Brent oil prices firmed for the fourth consecutive day to USD 58 per barrel, a level last seen a month ago. The gains appear to be related to growing expectations that the US could be closer to cutting production, spurred by last week’s drop in oil rig counts.
In Asia this morning, the Nikkei (1.9%), Hang Seng (0.9%) and Shanghai Composite (0.3%) are all higher.
Late on Monday Greek Finance Minister Varoufakis outlined plans for a debt swap, replacing the government’s call for a debt write-down. Varoufakis proposed to swap Greek government bonds held by the ECB and the official sector for growth-linked and perpetual bonds (ie. bonds with no maturity date), sparing privately held bonds from losses.
Denmark’s central bank sold DKK for DKK 106.3bn in January to defend the DKK peg to the EUR, a record high. As a result, Danish currency reserves rose to DKK 564.1bn, an all-time high. In a comment Danmarks Nationalbank pledged limitless FX interventions to save the peg. We expect interventions to continue for now. Danish Prime Minister Helle Thorning-Schmidt is “fully confident” the central bank will be able to maintain the DKK peg, she said yesterday. So are we.
In Turkey inflation dropped “only” 0.9% point to 7.2% in January and as a consequence, we will probably not see an emergency rate cut from the CBRT today. However, we expect a cut at the regular MPC meeting on 24 February.
Day ahead
Today Greek Finance Minister Varoufakis will meet ECB President Draghi in Frankfurt.
The most important data releases are the US ADP employment indicator and the US ISM non-manufacturing survey, which will both help shape expectations ahead of Friday’s jobs report. In addition, retail sales and the final services PMI for January are due out of the Euro area.
The consensus estimate is a 220k increase in the January ADP employment indicator, while a modest decline to a still strongly expansionary 56.4 is seen for the ISM non-manufacturing index. In December the ADP indicator was spot on private-sector payrolls growth – a rare bull’s-eye though (see chart below).
In Poland the central bank is expected to keep rates unchanged, but a March cut may be signalled.
Rates
Peripheral yields gaining relative to core. Even though the periphery was the winner, the movements across the curve are worth a comment.
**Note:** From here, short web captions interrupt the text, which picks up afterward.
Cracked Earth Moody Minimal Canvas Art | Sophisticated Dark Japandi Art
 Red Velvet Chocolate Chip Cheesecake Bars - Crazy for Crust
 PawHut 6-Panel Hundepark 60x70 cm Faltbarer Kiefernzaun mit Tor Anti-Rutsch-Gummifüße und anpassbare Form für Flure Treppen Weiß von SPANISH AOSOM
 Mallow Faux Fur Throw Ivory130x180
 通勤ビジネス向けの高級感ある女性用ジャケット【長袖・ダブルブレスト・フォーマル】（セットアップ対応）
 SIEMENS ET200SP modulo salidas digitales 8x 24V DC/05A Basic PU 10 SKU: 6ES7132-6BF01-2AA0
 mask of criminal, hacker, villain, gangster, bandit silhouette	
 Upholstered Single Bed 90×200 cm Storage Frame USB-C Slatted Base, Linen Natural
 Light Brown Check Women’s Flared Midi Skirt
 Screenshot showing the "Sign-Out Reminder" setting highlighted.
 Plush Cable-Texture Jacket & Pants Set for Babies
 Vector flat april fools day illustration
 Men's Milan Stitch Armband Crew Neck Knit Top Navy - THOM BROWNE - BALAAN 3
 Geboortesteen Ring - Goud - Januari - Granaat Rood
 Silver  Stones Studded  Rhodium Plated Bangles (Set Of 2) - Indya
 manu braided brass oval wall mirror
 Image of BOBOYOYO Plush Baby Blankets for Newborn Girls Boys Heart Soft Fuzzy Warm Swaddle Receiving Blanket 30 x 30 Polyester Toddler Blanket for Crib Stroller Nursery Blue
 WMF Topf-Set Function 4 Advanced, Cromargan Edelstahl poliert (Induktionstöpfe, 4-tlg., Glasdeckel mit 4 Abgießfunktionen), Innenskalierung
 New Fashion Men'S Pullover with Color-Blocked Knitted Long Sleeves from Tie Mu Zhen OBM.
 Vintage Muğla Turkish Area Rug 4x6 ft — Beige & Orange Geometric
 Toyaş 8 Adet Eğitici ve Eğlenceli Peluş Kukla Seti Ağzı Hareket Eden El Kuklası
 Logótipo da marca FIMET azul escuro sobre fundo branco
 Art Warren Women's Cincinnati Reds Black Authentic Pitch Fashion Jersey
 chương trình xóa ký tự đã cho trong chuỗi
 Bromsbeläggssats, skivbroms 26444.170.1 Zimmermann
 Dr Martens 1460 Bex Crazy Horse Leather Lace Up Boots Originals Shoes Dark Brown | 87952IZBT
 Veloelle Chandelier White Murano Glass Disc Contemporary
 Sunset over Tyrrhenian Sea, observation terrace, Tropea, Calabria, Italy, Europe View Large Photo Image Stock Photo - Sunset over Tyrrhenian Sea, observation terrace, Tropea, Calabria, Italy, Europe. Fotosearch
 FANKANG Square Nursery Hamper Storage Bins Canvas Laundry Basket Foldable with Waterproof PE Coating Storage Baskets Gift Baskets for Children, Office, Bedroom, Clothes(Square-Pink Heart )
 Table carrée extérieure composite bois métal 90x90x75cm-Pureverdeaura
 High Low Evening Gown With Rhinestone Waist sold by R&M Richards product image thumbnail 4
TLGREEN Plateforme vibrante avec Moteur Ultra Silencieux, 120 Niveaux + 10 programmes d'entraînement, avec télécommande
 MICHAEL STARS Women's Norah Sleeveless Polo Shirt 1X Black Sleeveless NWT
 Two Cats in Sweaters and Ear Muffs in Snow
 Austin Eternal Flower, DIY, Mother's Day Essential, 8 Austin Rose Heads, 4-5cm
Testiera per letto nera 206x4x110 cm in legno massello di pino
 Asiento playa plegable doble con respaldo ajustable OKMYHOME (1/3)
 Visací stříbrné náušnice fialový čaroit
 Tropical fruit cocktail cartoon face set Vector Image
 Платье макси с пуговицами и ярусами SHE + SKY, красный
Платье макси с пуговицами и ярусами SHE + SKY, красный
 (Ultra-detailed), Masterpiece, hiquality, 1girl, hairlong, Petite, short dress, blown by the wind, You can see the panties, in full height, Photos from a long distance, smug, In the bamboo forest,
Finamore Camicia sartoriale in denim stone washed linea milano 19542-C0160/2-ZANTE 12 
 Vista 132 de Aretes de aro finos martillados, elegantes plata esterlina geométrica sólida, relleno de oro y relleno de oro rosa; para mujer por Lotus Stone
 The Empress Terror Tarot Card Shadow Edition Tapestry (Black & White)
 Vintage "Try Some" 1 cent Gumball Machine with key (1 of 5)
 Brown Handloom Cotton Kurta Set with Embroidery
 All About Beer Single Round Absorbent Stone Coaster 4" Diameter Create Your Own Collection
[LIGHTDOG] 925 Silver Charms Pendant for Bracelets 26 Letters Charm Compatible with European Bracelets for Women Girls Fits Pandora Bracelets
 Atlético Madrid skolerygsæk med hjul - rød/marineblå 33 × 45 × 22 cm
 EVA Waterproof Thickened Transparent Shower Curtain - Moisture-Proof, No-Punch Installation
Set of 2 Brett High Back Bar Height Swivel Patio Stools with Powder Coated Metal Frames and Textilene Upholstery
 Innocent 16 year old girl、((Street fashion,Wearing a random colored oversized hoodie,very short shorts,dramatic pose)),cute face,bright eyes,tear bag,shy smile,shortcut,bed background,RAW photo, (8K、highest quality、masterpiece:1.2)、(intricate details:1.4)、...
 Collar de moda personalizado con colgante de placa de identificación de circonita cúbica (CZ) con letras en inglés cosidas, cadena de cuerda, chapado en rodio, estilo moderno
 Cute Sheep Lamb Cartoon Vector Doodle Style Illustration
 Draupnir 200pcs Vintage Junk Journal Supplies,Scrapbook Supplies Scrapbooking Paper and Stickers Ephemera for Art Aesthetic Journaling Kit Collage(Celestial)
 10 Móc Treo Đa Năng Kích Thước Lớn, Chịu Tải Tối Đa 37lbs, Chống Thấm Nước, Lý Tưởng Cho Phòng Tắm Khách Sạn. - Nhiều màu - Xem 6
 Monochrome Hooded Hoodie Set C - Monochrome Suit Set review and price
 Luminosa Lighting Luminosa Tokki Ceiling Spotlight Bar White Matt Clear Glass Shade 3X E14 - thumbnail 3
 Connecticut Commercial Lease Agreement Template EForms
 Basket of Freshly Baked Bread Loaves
Basically all euro government bonds gained in the shorter end of the curve (2-5Y), but moving beyond this point yields from the core and semi-core rose.
The Greek curve is still inverted (indication of default), but after yesterday’s session the picture looks less gloomy. As such the Greek 10Y yield fell almost 140 bp leaving the rate at 9.26%. Ireland managed to sell EUR 4bn in 30Y bonds, showing high demand for peripheral paper.
There is still a lot of focus on the Danish market, but after Monday’s massive rally in yields across the curve, we saw government yields rising. The short end (2Y) rose almost 15 bp, with the rest of the curve rising about 5 bp. Liquidity in the market is still at very low levels.
In the US government bond yields rose across the curve (10Y yield up 13 bp), with US swap rates also rising slightly (0.5-1 bp).
EUR swap rates fell slightly in the short end (0.5-1 bp), but were otherwise unchanged.
FX
The EUR/USD cross rallied further yesterday with no apparent drivers – the market just takes a breather from the exponential USD rally. This was consistent with the positive risk sentiment. Such moves reflect the market positioning – long USD – and further covering of short positions is likely, taking EUR/USD to 1.15 within a week. The SEK, a “high-beta” on the EUR, rose more than 1% against the USD.
The European currencies may pause today, however, should today’s first insights into Friday’s US payrolls report – the ISM and the ADP jobs report – surprise on the upside.
Oil-related commodity currencies were the top performers yesterday, with the RUB and the NOK gaining more than 1%. Not surprising, given the fourth day of oil prices recovering: now Brent is more than 26% from the January lows. The pattern is similar to the previous oil price trends in 2008 and suggests a bottom. The AUD was the biggest loser yesterday, though, after the surprising rate cut from the RBA. We think the markets have overreacted, and the AUD should find support if the oil price rise spills over to metals, notably iron ore.